In news that should be hilarious, but instead drips of hypocrisy and general bemusement about the laughing stock our markets have become, Tik Tok investors are now literally taking their stock picking cues from Nancy Pelosi.
By now, everyone knows that Nancy Pelosi and her husband have made some "conveniently" timed purchases of stocks like Microsoft, Nvidia and Tesla. At the least, the Pelosi family are far more active traders than the average U.S. household. At worst, it appears the family could be using the Speaker's access to non-public information to benefit personally.
Regardless of what the objective truth is, traders have seen enough to leave them convinced that Pelosi "has an in" when it comes to investing and, in turn, have dedicated their stock picking "due diligence" to examining what stocks the Pelosi household is buying at the time.
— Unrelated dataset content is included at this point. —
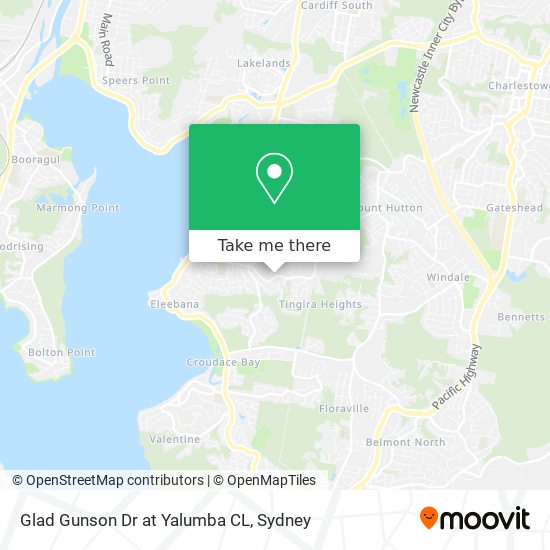 Glad Gunson Dr at Yalumba CL map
"Shouts out to Nancy Pelosi, the stock market's biggest whale," one user on Tik Tok said, according to a report by NPR.
"I've come to the conclusion that Nancy Pelosi is a psychic," another said.
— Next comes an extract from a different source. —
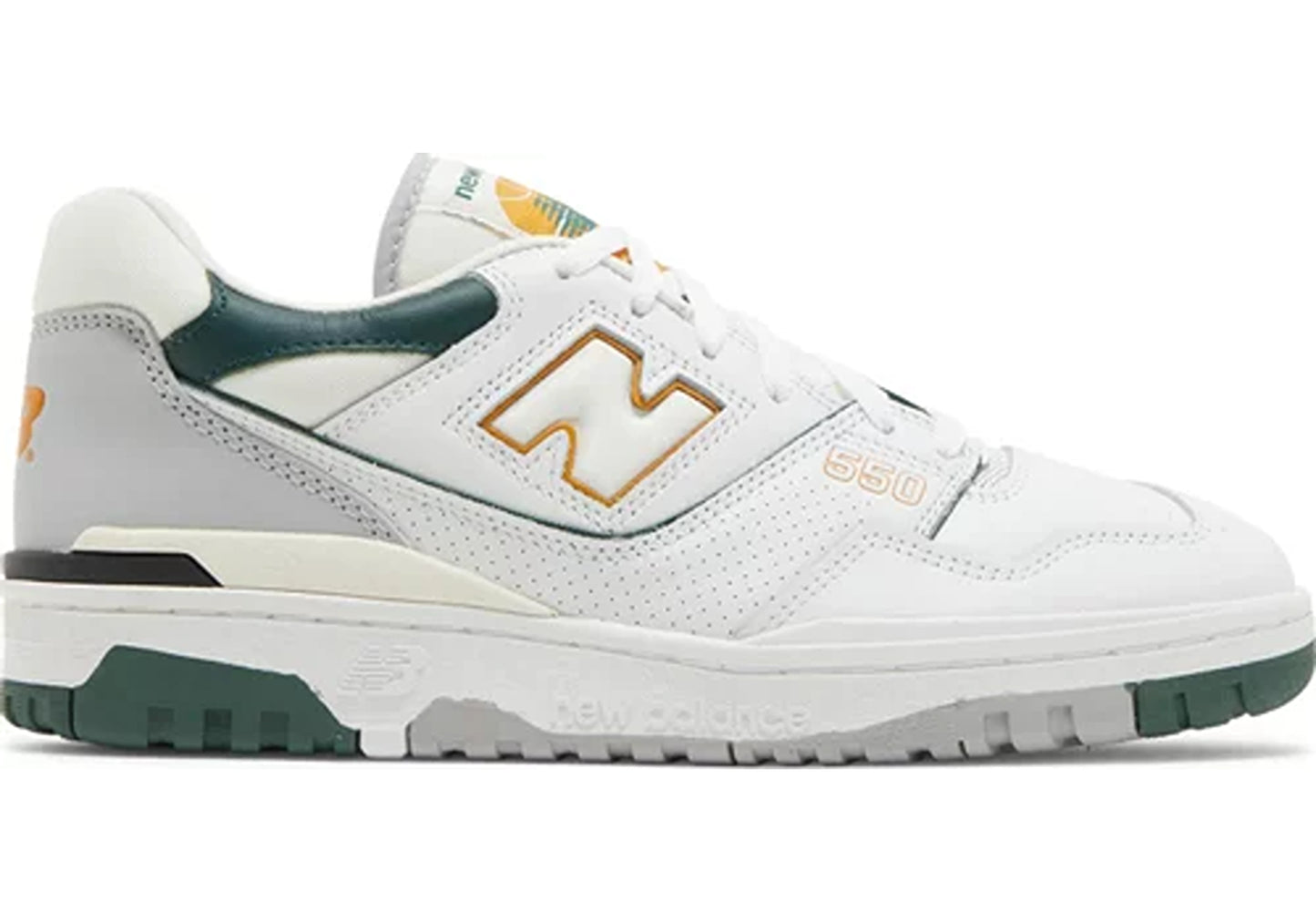 New Balance 550 White Nightwatch Green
Chris Josephs, co-founder of a company called Iris, which shows other people's stock trades, said of Pelosi's trading record: "She knew. And you would have known if you had followed her portfolio."
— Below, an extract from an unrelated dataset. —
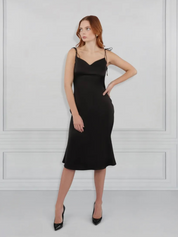 Classic Slip Dress (Black)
Josephs has been using the Stock Act, which mandates that lawmakers disclose stock trades and those of their spouses within 45 days, to send out push notifications to his platform every time Pelosi's disclosures are updated.
"I'm at the point where if you can't beat them, join them. I typically do buy... the next one she does, I'm going to buy," Josephs told NPR.
"We don't want this to ... be a left vs. right thing. We don't really care. We just want to make money," he continued.
Tim Carambat, who put together two public databases of financial transactions from lawmakers, said there's been large demand for his work. He told NPR: "I knocked out a very, very simple version of the project in like a couple of hours. And I posted it actually to Reddit, where it gained some significant traction and people showed a lot of interest in it."
"Investors perceive that senators may have insider information. And we see abnormal positive returns when there's a disclosure by a senator," added Dinesh Hasija, an assistant professor of strategic management at Augusta University.
We think Kedric Payne, senior director of ethics at the Campaign Legal Center put it best, however: "If the situation is that the public has lost so much trust in government that they think ... the stock trades of members are based on corruption, and that [following that] corruption could benefit [them]. ... We have a significant problem."
"The Speaker has no prior knowledge or subsequent involvement in any transactions," Pelosi's spokesperson said of her husband's trading.